Não acho que agora haja uma ameaça iminente de escalada", disse James Heappey à BBC. "O que o Ocidente está fazendo para apoiar seus aliados na Ucrânia está muito bem calibrado." Questionado sobre a possibilidade de a Rússia usar uma arma nuclear tática, Heappey disse que achava que havia uma possibilidade "cada vez menor" desse tipo de escalada.
Heappey disse que, embora a Otan esteja reforçando seu flanco leste, ela não está fornecendo ajuda militar. O governo britânico afirma que é incorreto colocar a guerra na Ucrânia como um esforço da Otan contra a Rússia.
"Isso não é um esforço da Otan, é uma comunidade de nações doadoras que estão fazendo contribuições bilaterais para os ucranianos e essa comunidade de doadores se estende muito além das fronteiras da Otan", disse o ministro britânico à BBC.
"Convém à narrativa do Kremlin afirmar que eles estão de alguma forma em confronto com a Otan. Eles estavam dizendo isso antes mesmo da guerra começar, mas isso não faz sentido e Lavrov sabe disso."
O ministro das Relações Exteriores da Ucrânia, Dmytro Kulebo, disse que os comentários de Lavrov são uma tentativa da Rússia de "assustar o mundo para que ele não apoie a Ucrânia". Ele disse no Twitter que "falar de um perigo 'real' de Terceira Guerra Mundial significa apenas que Moscou sente que será derrotada na Ucrânia".
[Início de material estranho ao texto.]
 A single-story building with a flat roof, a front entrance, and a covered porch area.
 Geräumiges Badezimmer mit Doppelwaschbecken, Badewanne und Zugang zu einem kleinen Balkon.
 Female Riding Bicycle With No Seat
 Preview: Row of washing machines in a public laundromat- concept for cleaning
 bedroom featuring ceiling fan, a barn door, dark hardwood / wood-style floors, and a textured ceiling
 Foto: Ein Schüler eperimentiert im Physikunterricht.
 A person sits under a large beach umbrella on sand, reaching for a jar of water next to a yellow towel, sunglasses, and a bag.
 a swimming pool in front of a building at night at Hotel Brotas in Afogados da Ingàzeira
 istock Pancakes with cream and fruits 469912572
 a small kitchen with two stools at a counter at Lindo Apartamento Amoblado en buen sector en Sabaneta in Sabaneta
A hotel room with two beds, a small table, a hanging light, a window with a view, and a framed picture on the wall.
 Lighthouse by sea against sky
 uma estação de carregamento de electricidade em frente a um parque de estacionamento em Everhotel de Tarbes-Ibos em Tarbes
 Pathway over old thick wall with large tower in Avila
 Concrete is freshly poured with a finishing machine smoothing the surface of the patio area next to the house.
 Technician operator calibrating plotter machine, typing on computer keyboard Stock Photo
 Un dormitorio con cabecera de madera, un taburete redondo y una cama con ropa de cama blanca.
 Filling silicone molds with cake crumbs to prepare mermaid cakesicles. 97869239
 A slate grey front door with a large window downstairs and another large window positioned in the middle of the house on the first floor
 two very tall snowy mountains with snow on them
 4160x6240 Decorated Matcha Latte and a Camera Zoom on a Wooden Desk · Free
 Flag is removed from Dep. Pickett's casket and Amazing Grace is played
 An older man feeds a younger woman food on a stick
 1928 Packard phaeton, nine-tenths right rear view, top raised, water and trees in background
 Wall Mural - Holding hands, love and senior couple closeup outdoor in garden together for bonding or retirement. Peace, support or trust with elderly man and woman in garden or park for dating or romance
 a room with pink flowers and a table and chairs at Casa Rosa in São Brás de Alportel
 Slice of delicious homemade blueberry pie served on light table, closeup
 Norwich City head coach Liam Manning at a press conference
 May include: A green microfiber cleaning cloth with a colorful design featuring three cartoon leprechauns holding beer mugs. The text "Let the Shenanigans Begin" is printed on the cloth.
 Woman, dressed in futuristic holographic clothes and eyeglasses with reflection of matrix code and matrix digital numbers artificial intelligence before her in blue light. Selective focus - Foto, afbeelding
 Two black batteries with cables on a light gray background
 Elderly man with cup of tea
O temor de uma escalada do conflito na Ucrânia para uma guerra nuclear ou até mesmo uma Terceira Guerra Mundial (envolvendo a Otan e a Rússia) é uma preocupação constante deste o começo da invasão.
Em março, dias depois do começo da invasão, o presidente russo, Vladimir Putin, disse que suas "forças de dissuasão" estavam prontas para combate — o que foi entendido como armas nucleares — no modo "prontas para o combate".
Isso levantou temores de que Moscou poderia usar armas nucleares "táticas" — que podem ser usadas em distâncias relativamente curtas. No entanto, até agora nada disso se confirmou. Na terça-feira (26/4), o primeiro-ministro britânico Boris Johnson foi perguntado se está preocupado com a possibilidade de o conflito na Ucrânia escalar ao nível nuclear. Ele respondeu: "Não".